- **Work order**
The required output is the exact run of lines in the listing below from the line holding "Telecamera di sorveglianza" through the line holding "YUTUZI Абрикос Женские Рубашки", with no pictures.

- **Information shown**
----------------------------------------

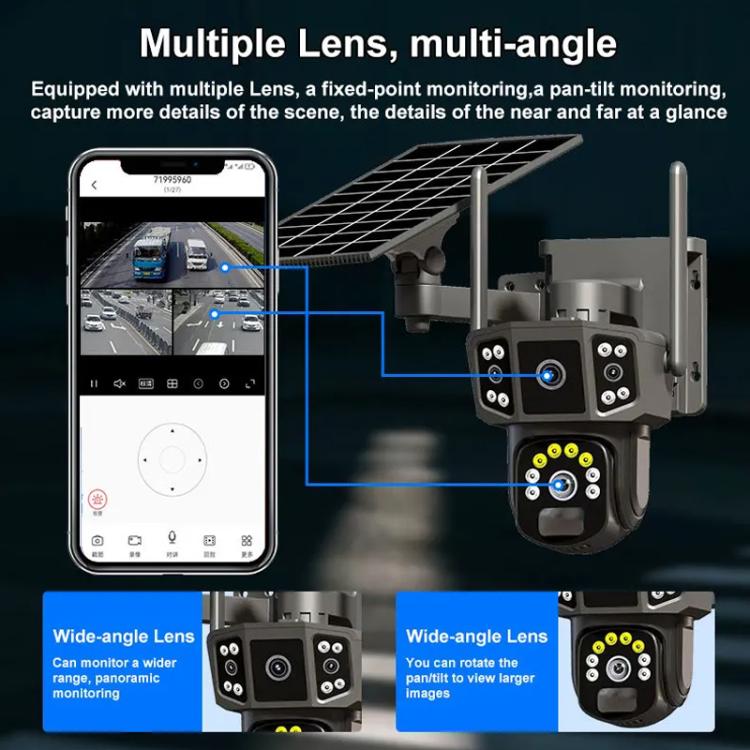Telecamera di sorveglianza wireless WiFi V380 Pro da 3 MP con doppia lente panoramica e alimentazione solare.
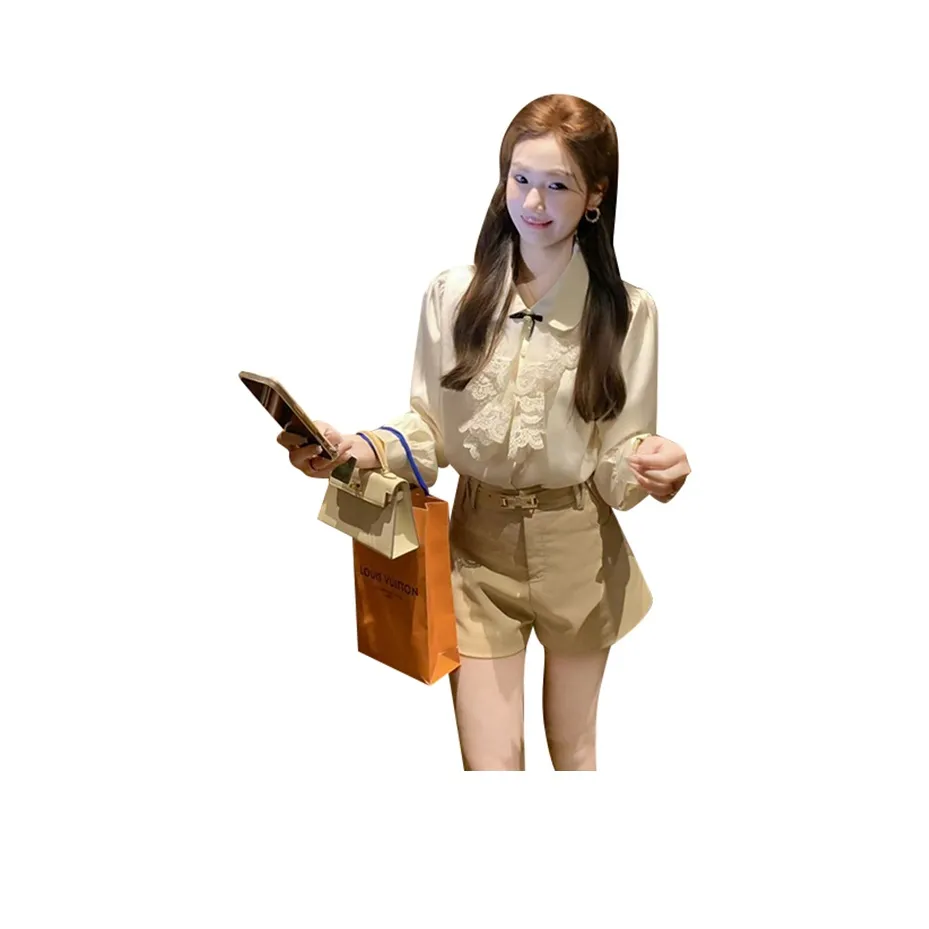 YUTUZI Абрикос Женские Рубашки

----------------------------------------

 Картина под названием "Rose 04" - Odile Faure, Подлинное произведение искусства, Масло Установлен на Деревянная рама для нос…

----------------------------------------

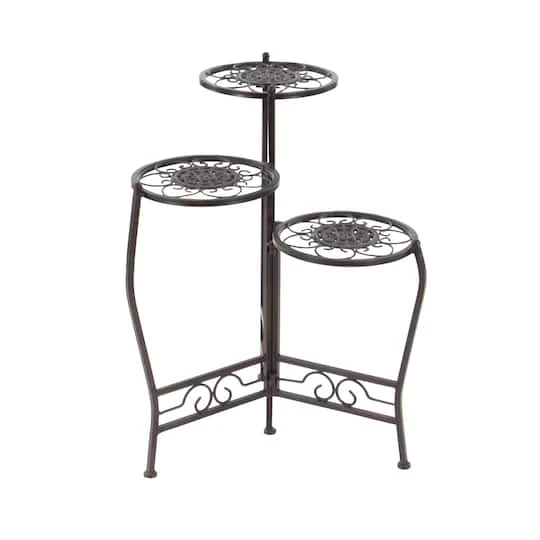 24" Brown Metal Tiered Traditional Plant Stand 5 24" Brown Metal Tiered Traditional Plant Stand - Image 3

----------------------------------------

- **Result of this exercise**
Telecamera di sorveglianza wireless WiFi V380 Pro da 3 MP con doppia lente panoramica e alimentazione solare.
 YUTUZI Абрикос Женские Рубашки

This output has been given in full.